CROSS-REFERENCE TO RELATED APPLICATIONS

This application is a national phase application under 35 U.S.C. §371 of PCT/US2010/036927, filed on Jun. 1, 2010, entitled “Track Generation,” which claimed priority to U.S. Provisional Patent Application No. 61/182,885, filed Jun. 1, 2009. The disclosures of the above-referenced applications are incorporated herein by reference.

BACKGROUND

Computer entertainment game systems and gaming technology have advanced over the years from simple games such as Pong® and Tetris® to very complex shooter and sport games that have high speed, high resolution graphics and can be played in a multi-player environments. Increased sophistication of features has increased players' interest in the games as well as increasing the difficulty of playing the games. However, for racing games, selecting and driving a track from several pre-made tracks can be frustrating if the player is unable adapt to the “feel” of the terrain of the track.

DETAILED DESCRIPTION

Certain implementations as disclosed herein provide for methods and systems for building and editing a track and/or path (hereinafter referred to as a “track”) of a computer game. In one implementation, a player of the computer game generates the track (e.g., using track splines) by driving or steering a controller normally used to play the computer game. The track is generated from a point of view of the player using the controller. An alternative implementation includes a training simulation in which an expert driver/flyer drives or flies a track and a beginner driver/flyer tries to emulate the performance of the expert on the track laid out by the expert. Another alternative implementation includes a “follow-the-leader” challenge game in which a lead player performs certain maneuvers and dares the following player to repeat the maneuvers.

After reading this description it will become apparent how to implement the invention in various implementations and applications. However, although various implementations of the present invention will be described herein, it is understood that these implementations are presented by way of example only, and not limitation. As such, this detailed description of various implementations should not be construed to limit the scope or breadth of the present invention.

FIG. 1 is a flowchart 100 illustrating a method for building a track for a computer game in accordance with one implementation of the present invention. In this implementation, a player of the computer game is enabled to generate the track, at box 110, using a controller used to play the computer game. In one example shown in FIG. 2, the player is provided with a user interface window which enables the player to view and steer the controller to generate the track by maneuvering a vehicular game item (e.g., a kart).
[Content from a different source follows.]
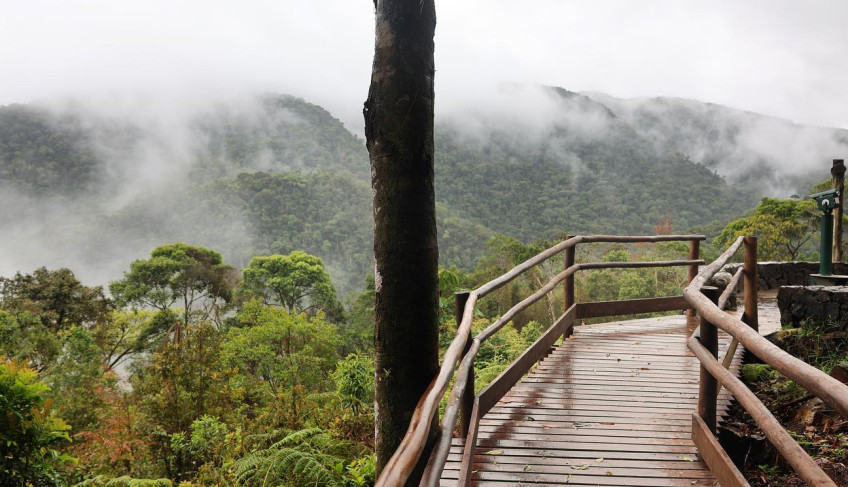ASN São Paulo - Agência Sebrae de Notícias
In the illustrated implementation of FIG. 1, the track is then generated, at box 120, from the point of view of the vehicular game item being controlled by the player. FIG. 3 shows a top view of the track being laid out. Generating the track from the point of view of the vehicular game item results in the track (which includes at least turns, valleys, hills, and bridges) being laid out behind that vehicular game item, at box 130. The steepness of the turns, valleys, hills, and bridges are determined by the directional controls on the controller and the speed at which the player steers the game item around the turns, valleys, hills, and bridges. FIG. 4, FIG. 5, FIG. 6, and FIG. 7 show example shots of the player steering the vehicular game item around the turns, valleys, hills, and bridges. In one implementation, the track splines being laid down by the player is inexact, and thus, the track generation system calculates and completes the track.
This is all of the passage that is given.